Hallo! Ich bin Neuling im Päd-Bereich, also bitte nicht steinigen...
Ich habe einen 3 1/2 jährigen Jungen in Behandlung. Auf dem Rezept steht Störung der sozialen Interaktion bei sicherer Bindung. Es hat sich durch das Gespräch mit der Mutter und durch Beobachtungen ergeben, dass der Junge generalisiert ängstlich ist, taktil defensiv und dadurch ein eingeschränktes Explorationsverhalten in Gesellschaft Fremder aufweist - d.h. alleine und mit Geschwistern (5, mittleres Kind) spielt er auf dem Spielplatz und im KiGa, sobald ein anderes Kind/Erwachsener dazu kommt, traut er sich nicht mehr. Das werde von Zeit zu Zeit schlimmer. Das Ziel ist es, das Selbstbewusstsein des Jungen aufzubauen und damit seine eigenständige Handlungskompetenz zu stärken.

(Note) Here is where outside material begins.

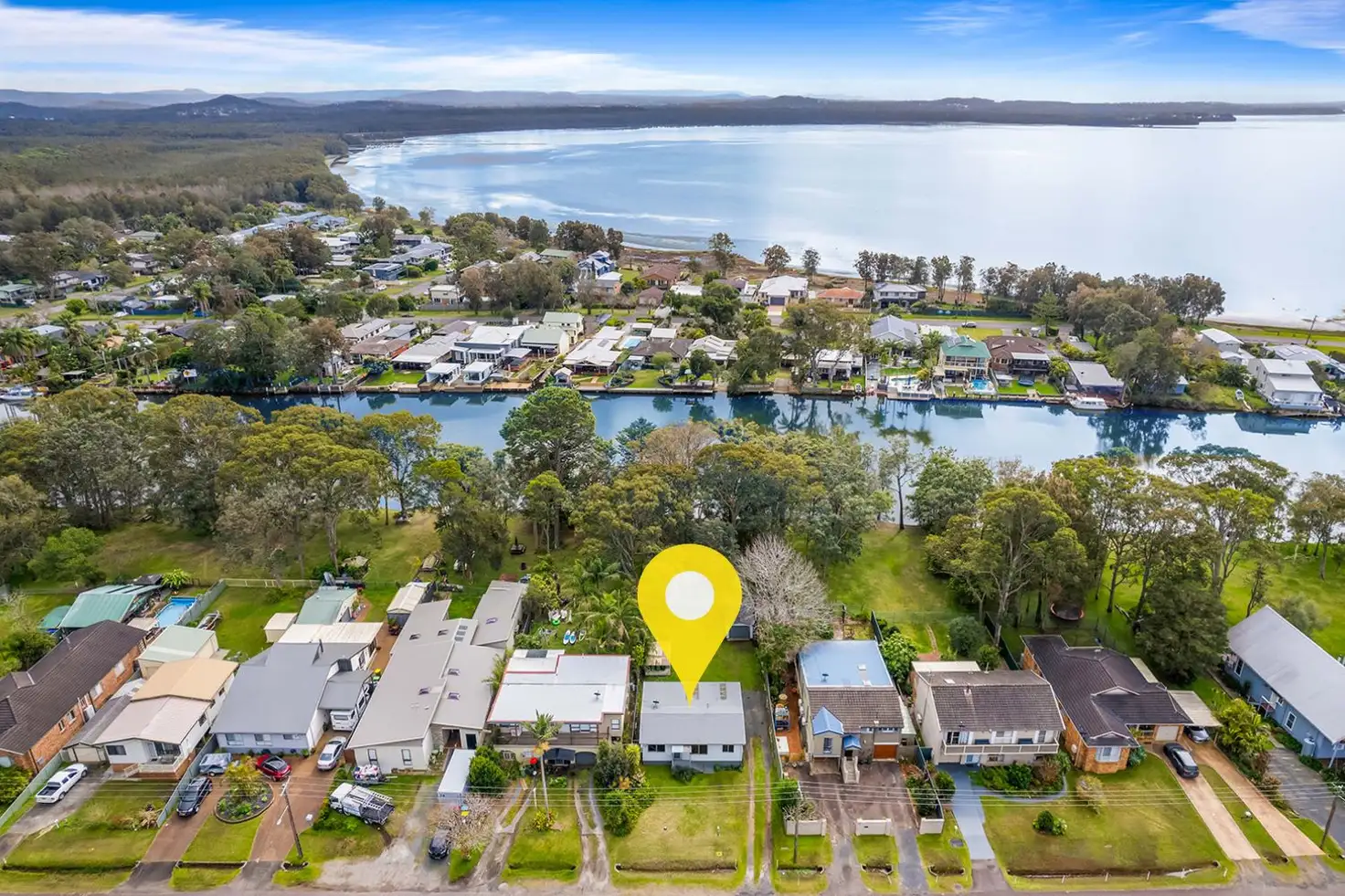 Main view of Homely house listing, 16 Kalua Drive, Chittaway Bay NSW 2261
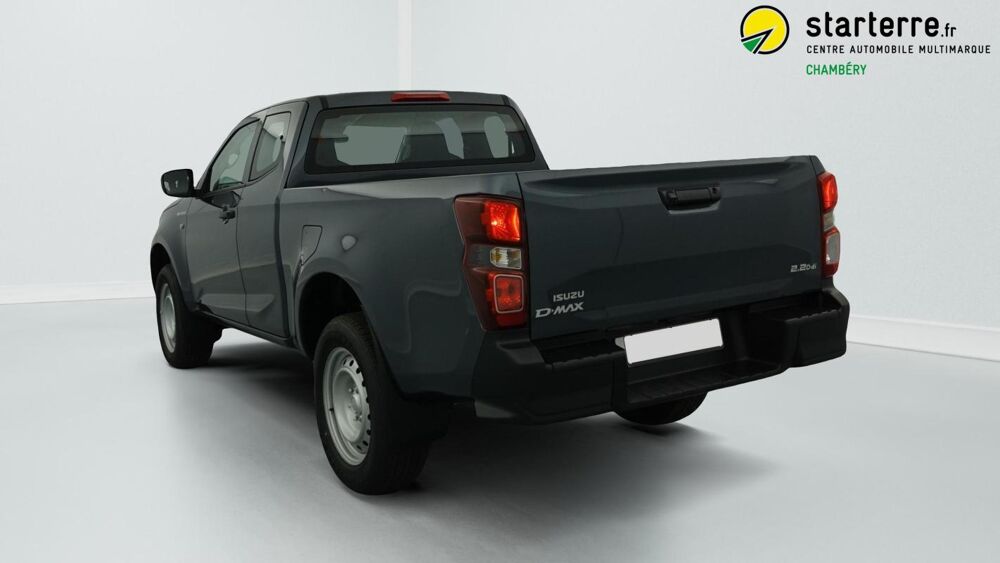 D-MAX 2.2L SPACE CABINE M/T B-STRONG 2026 occasion 73420 Voglans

Die Stunden habe ich bisher so aufgebaut, dass die Mutter mit in die Therapie gekommen ist. Um Struktur und Vertrauen aufzubauen habe ich feste Parcourelemente (Rollrutsche und Trampolin) integriert. Zudem hat er, passend zu seinen Interessen (Feuerwehr), Spielkarten und Holzfiguren aus der Ratz-Fatz Reihe [Haba] im Parcour gesammelt und zur großen Matte gebracht, wo wir dann gemeinsam ein "Wegschnappspiel" gespielt haben. Den Parcour habe ich jedesmal um etwas "unbekanntes" ergänzt. Prinzipiell klappt das Konzept, jedoch nur mit der Mutter. Der Kleine "klebt" an ihr und mag sich gar nicht lösen - er hüft auf ihren Schoß, springt in den Arm, schmust sich an, dreht sich bei Ansprache in ihren Arm um Blickkontakt zu vermeiden und spricht auch sehr selten mal auf genaue Nachfrage mit mir. Er läuft an der Hand und die Mutter muss ihn beispielsweise aufs Rollbrett setzen (auch wenn ich es vormache). Man merkt er möchte, er hat Spaß dabei, aber ohne die Mutter geht nichts. Auf Socken hat er alles verweigert (taktil defensiv, aber das ist nicht das primäre Ziel). Er wird von beiden Seiten ermutigt und gelobt und am Ende reflektiere ich mit ihm kindgerecht was gut geklappt hat, indem er sich zu den Punkten Stempel aussuchen darf (sich trauen, ausprobieren, aufräumen helfen etc.)
Nun kommen wir aber nicht weiter. Die Mutter auf die Bank zu setzen al la "die Mama macht jetzt Pause" klappt nicht - er heftet wie ein Magnet an ihr. In Absprache mit der Mutter konnten wir ihn austricksen, dass er z.B. im Spieleeifer schon zur Rutsche rennt und die Mutter dann nicht da steht, sondern ich und er trotzdem hochklettert. Es gab auch Stunden wo er sich 45 Min. lang kein Stück von der Mutter gelöst hat, und nur auf ihrem Arm saß und ihr am Bein hang wenn sie ihn runterhob.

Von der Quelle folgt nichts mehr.